An issue exists in SQL Server 2012 SP1 CU6 Availability Group Primary databases involved in Service Broker conversations. If you reused conversations and failover mode is set to manual, depending on how SQL Server had been shutdown previously, the transmission queue starts growing. Messages are sent, received by the target which sends acknowledges but where before these acknowledged messages would disappear from sys.transmission_queue, now they remain and build up. The transmission status shows nothing indicating the message has not been sent but it has. Service Broker makes no attempt to re-transmit them which is a blessing but they accumulate in the transmission queue.
The Cause
The problem occurs when the following events happen to the Availability Group Primary / Service Broker database:
- The SQL Service is stopped / restarted, even cleanly using the configuration manager.

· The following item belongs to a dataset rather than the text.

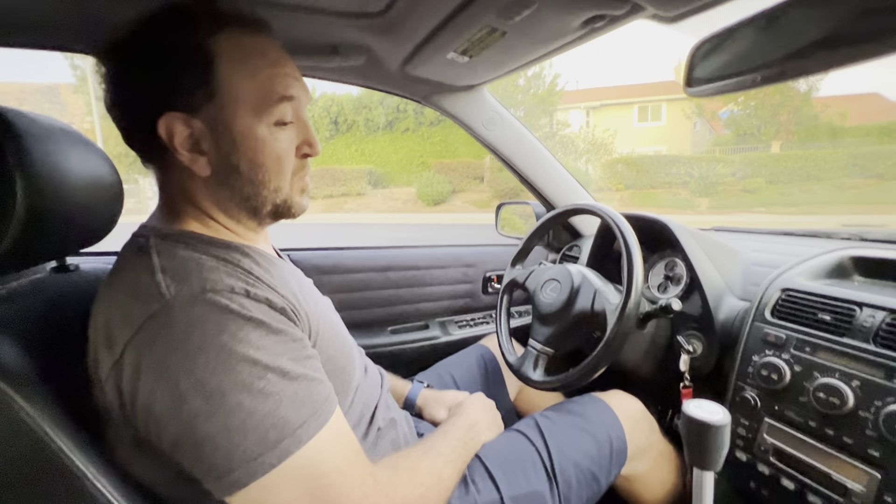Alright, let's take this thing for a spin and see what it's like on the road. Sean, why don't you start it up so we can get a nice video of that.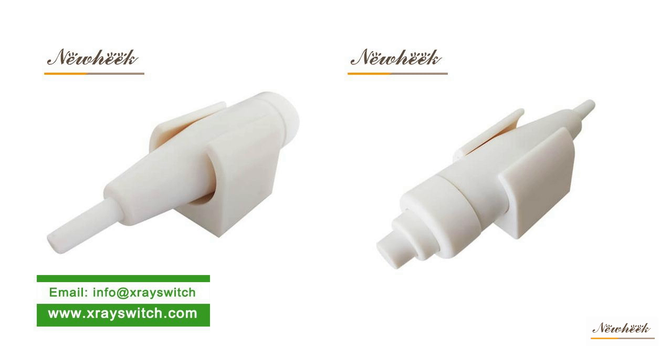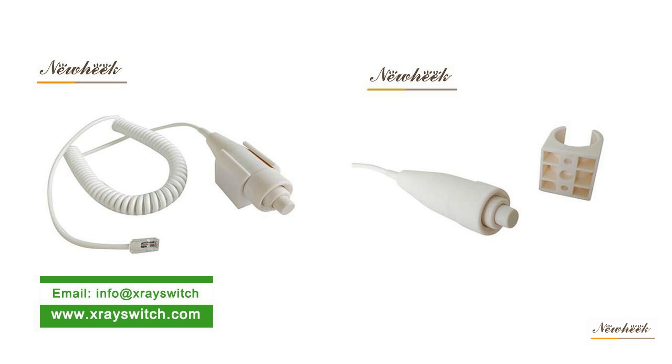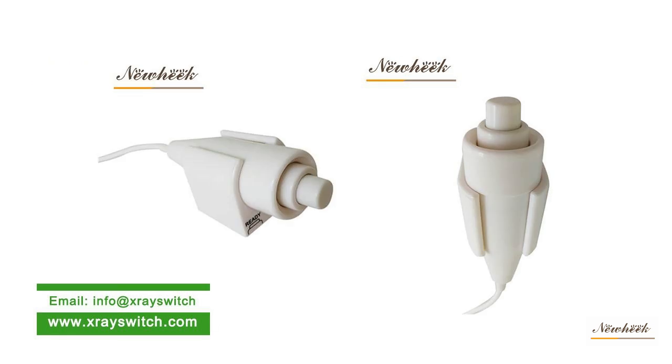New Heat develops and produces an X-ray hand switch for X-ray machine exposure, which replaces the traditional machine-type X-ray hand switch and avoids the disadvantage of machine-type switches that cannot work normally due to long-time contact oxidation.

- The owning clustered SQL service node is rebooted.
- The clustered service is moved to another node using the Failover Cluster Manager in Windows or using PowerShell.

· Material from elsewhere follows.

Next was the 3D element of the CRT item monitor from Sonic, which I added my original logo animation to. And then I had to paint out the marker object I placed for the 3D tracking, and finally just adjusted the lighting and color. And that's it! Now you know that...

- Any event that causes a restart of the SQL Service if there is an Availability Group Primary / Service Broker database with failover mode = manual
The Service Broker class responsible for clearing the transmission queue is not being invoked.
To fix for the problem
Here is the short list of items that need to be undertaken to solve the issue:
- Take the database out of the availability group on the primary.
- End all connections to the database , single user mode.

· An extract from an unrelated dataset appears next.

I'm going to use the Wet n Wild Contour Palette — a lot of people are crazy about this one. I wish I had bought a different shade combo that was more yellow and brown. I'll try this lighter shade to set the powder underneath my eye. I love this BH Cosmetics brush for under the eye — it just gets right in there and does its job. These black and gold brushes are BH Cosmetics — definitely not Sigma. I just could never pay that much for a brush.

- Disable then re-enable the Service Broker option in the database.
- Add the database back to the Availability Group, reinitialize any standby servers.
The Problem Definition
Taking down applications that reference the database and the re-initialization of all secondary servers is the problem. When the database is out of the availability group (AG), it is unavailable for applications that connect using the AG Listener IP address. Secondary copies of the AG database are unavailable until re-initialized and synchronizing, disaster recovery and asynchronous reporting data may be unavailable for a while.
Problem Reproduction
The reproduction below is in a virtual lab environment, it uses scripts freely available on msdn to build a test environment with an Availability Group Database as part of a Service Broker dialog.
The lab environment
The SQL Service Active Directory Account is a member of the System Administrator role in SQL Server on all instances. Each of the SQL Servers has a local share C:\Share
- PBVAD – Domain controller, Windows Server 2012 R2
- PBV001 – SQL Server 2012 SP1 CU6 – Default instance, Service Broker Target
- PBV002 & PBV003 – SQL Server 2012 SP1 CU6 – Default instances, Service Broker Initiators. The servers are part of a windows cluster with a file share witness.
Here is the code:
01 – Setup The Service Broker Target – PBV001
------------------------------------------ --Creating the Target Database-- ------------------------------------------ --Create a Service Broker endpoint USE master; GO IF EXISTS (SELECT * FROM master.sys.endpoints WHERE name = N'InstTargetEndpoint') DROP ENDPOINT InstTargetEndpoint; GO CREATE ENDPOINT InstTargetEndpoint STATE = STARTED AS TCP ( LISTENER_PORT = 4022 ) FOR SERVICE_BROKER (AUTHENTICATION = WINDOWS ); GO --Create the target database, master key, and user IF EXISTS (SELECT * FROM sys.databases WHERE name = N'TargetDB') DROP DATABASE TargetDB; GO CREATE DATABASE TargetDB; GO USE TargetDB; GO CREATE MASTER KEY ENCRYPTION BY PASSWORD = N'<EnterStrongPassword1Here>'; GO CREATE USER TargetUser WITHOUT LOGIN; GO --Create the target certificate & backup the certificate CREATE CERTIFICATE InstTargetCertificate AUTHORIZATION TargetUser WITH SUBJECT = 'Target Certificate', EXPIRY_DATE = N'12/31/3010'; GO BACKUP CERTIFICATE InstTargetCertificate TO FILE = N'C:\Share\InstTargetCertificate_Node3.cer'; GO --Create message type for request and reply CREATE MESSAGE TYPE [//RequestMsg] GO CREATE MESSAGE TYPE [//ReplyMsg] GO --Create a contract for the above created message CREATE CONTRACT [//SampleContract] ( [//RequestMsg] SENT BY INITIATOR, [//ReplyMsg] SENT BY TARGET ) --Create Queue & Service for target USE TargetDB; GO CREATE QUEUE TargetQueue_TargetDB; GO CREATE SERVICE [//TargetService] AUTHORIZATION TargetUser ON QUEUE TargetQueue_TargetDB([//SampleContract]); GO
Once complete, copy the target certificate in C:\Share to the corresponding folder on server PBV002
02 – Setup Service Broker Initiator – PBV002 (PBV003 setup later during create of AG)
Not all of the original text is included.